Penn State Berks teams with Reading Public Works to prevent storm drain pollution
Penn State Berks students teamed up with the City of Reading Public Works Department to implement projects that will inform residents about the harmful effects of dumping chemicals and litter into the storm drains leading into the Schuylkill River.
The students were enrolled in two courses: Environmental Science taught by Mahsa Kazempour and Introductory Painting taught by Danielle D’Aries.
Eight students in the Environmental Science courses researched the effects of chemicals and litter going into storm drains on natural waterways, including the Schuylkill River, and the effect on the entire food chain. Then they took action by stenciling 44 storm drains near 5th and Penn streets in Reading. The stencil, which reads, "No Dumping, Drains to River" in both Spanish and English, informs residents that what goes down the drains ends up in the Schuylkill River.
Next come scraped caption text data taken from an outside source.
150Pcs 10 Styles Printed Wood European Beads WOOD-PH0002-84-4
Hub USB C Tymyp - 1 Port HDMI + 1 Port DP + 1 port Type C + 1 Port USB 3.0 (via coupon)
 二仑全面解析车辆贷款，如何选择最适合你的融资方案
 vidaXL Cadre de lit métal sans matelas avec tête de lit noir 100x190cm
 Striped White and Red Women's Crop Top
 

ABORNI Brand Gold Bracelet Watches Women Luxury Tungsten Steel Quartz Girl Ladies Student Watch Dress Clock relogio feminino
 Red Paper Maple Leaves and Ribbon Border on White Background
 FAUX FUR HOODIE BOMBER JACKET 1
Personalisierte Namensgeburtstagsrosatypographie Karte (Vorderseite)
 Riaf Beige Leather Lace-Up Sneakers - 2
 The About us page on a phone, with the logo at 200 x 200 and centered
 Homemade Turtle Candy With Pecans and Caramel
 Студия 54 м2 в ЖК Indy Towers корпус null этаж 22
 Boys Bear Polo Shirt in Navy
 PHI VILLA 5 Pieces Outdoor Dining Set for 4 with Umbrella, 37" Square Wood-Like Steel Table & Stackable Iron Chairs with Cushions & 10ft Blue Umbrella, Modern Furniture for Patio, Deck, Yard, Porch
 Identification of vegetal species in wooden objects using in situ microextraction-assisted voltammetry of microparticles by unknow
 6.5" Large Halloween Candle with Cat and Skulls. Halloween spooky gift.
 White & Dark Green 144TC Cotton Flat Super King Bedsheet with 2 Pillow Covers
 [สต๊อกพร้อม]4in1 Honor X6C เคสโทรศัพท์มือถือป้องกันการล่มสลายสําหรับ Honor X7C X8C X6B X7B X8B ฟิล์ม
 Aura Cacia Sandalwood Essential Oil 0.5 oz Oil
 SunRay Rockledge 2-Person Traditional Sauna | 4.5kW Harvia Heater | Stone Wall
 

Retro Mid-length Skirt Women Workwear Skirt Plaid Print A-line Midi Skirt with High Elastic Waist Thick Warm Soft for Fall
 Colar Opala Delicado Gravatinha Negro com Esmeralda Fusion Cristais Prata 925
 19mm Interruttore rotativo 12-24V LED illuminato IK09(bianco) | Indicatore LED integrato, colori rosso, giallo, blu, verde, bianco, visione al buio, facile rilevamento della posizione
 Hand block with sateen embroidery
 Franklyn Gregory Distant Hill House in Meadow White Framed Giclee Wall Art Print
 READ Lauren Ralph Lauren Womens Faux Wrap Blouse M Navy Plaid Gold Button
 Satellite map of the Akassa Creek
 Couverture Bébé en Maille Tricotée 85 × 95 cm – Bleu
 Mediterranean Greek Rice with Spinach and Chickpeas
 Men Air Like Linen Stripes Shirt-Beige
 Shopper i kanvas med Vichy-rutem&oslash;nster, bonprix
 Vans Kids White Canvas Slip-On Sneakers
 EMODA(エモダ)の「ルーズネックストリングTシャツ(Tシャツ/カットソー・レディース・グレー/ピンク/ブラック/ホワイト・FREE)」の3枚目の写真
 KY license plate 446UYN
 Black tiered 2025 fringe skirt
In the other initiative, four elementary schools in Reading were chosen to receive eye-catching, child-friendly murals created by students in the Introductory Painting course. The schools included 12th and Marion, 13th and Union, Amanda Stoudt, and Northwest Elementary. Students sketched mural ideas, which were presented to City Public Works employees Robert Gensemer and Ted Arentz, for use in their community education MS4 program, a stormwater management program for minimizing the impacts from runoff. After Gensemer and Arentz selected the drawings, D’Aries and her students created stencils for the murals.
These projects were facilitated by the City Public Works Department and the Penn State Berks Center for Service Learning and Community-Based Research.
For additional information, contact Michelle Hnath, program assistant of the Center for Service Learning and Community-Based Research, at 610-914-7595 or via email at [email protected].
About the Center for Service Learning and Community-Based Research
The Penn State Center for Service Learning and Community-Based Research supports faculty who involve their students and community partners in collaborative, impactful work. Service learning and community-based research are two instructional strategies that contribute to community well-being and simultaneously enrich students’ course learning. Since its founding in 2010, the center has facilitated nearly 50 academically grounded college-community partnerships. Going beyond conventional concepts of public service that emphasize a one-way process in which the university transfers its expertise to the community, service learning and community-based research is a commitment to sharing and reciprocity, partnerships, and two-way streets defined by mutual respect among the partners for what each brings to the table.